Since December 2017, I have worked with the UNICEF Gender team as a SharePoint designer. In this role, I am creating a new content repository, including its information architecture, taxonomy/tags, flows (points of automation), and user permissions. I’m also in charge of leading the redesign of the front-end of the SharePoint Gender website, as UNICEF is making a transition to SharePoint Modern in late August.
Gender is a unique section at UNICEF HQ due to the wide thematic range it covers. I therefore knew there would be differences among the different workstreams within the section. Thus, one of the first research steps I took was conduct in-depth interviews with half of the team.
Among other uses, I synthesize the results into three user personas: Senior Management, Junior Programme, HR/Admin. This is a blurred out sample of the Junior Programme user persona.
With many mutually exclusive thematic areas to cover, I conducted an in-person activity with nearly every member of the team. In the activity, I asked each section team member to write down the answers to three questions on individual post-it notes:
- What words come to mind when I say Gender content?
- What types of documents do you work with? Budgets? Annual Reports?
- How might you group documents? By theme? By time? By role?
I then asked the section team members to group their responses and discuss the patterns that emerged. The activity led to a great discussion and a solid foundation by which to create the first draft of the information architecture and taxonomy.
Information Architecture
The information architecture (IA) or, in this case, the folder structure, was the most complicated aspect to determine. Following the in-person activity in January, I asked the Gender team to fill out an online survey to solicit comments on the folders that had emerged.
The survey contained questions with pre-determined responses. If a majority of the team indicated a folder did not make sense, I threw out the folder. On the open-ended questions, some team members had great suggestions to alternate structures and names. Other feedback was vague. I incorporated concrete, logical feedback into the next draft IA.

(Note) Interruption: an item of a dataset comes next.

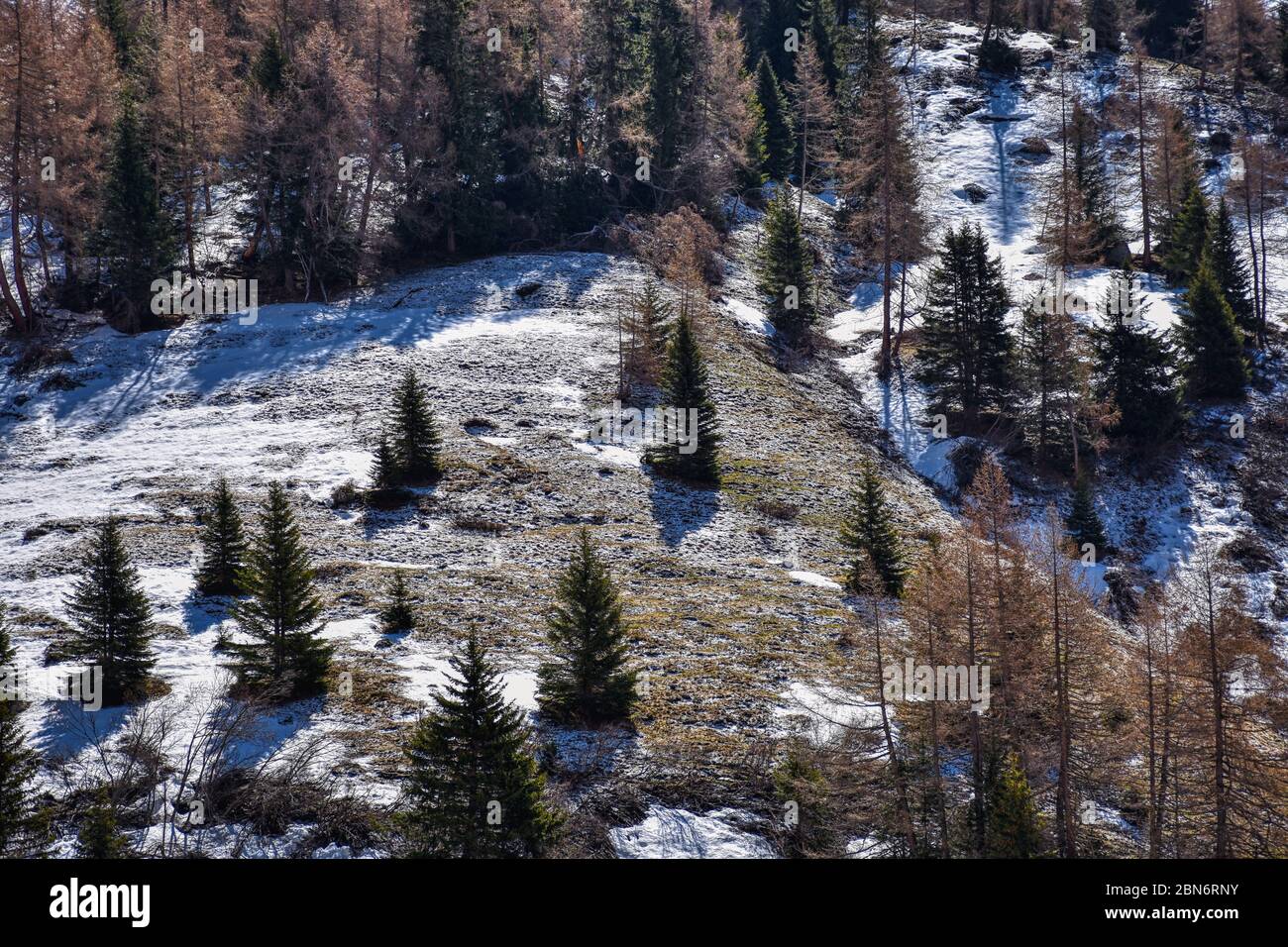 Großglockner, höchster Berg Österreichs, Ködnitztal, Jörgnalm, Kals, Lucknerhaus, Alm, Glockner, Schnee, Eis, Winter, Frühling, Schnee, Schneeschmelze Stock Photo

I interpreted less consensus on where to place files as an indication something needed to change or at least be flagged ahead of file sorting. In the top level of the IA, changes could not be made because those folders correspond to funding streams. Lower levels of the IA were changeable.
Other Major Research Deliverables
- Taxonomy – as data with a hierarchy, the taxonomy proved confusing. However, when I took out any indication of hierarchy, the same words proved easy to understand. Thus, the tags are presented as categories and corresponding words. I provided the tags as both a spreadsheet and a searchable list online through Optimal Workshop.
- User Permissions – determining user permissions was a fairly straightforward exercise, as most team members are grouped in distinct workstreams and most Gender work is shared freely within the team.
- Naming Convention – per the recommendations of UNICEF IT, I created a modified file naming convention that would both suit the old version of SharePoint and the new SharePoint Modern that will be rolled out in August 2018.
- Flows – Among the insights that fleshed out from my work was points of automation in the Gender team’s workflows. I recorded these down as steps in a flow, which may eventually be implemented through a Logic App or Microsoft Flows.
Migration Options
One decision the senior team had to make was which files to migrate to the new content repository. After speaking with most of the team, I presented three options: migrate everything, migrate final/latest versions, migrate only documents shareable outside of UNICEF Gender.
Migration Process Workflow
Using the research, I created the final information architecture and taxonomy. I then created and implemented a migration process workflow that I used to populate the content repository. As of November 2018, there are 1200+ files contributed from 15 team members, putting the team ahead of nearly all others in the organization.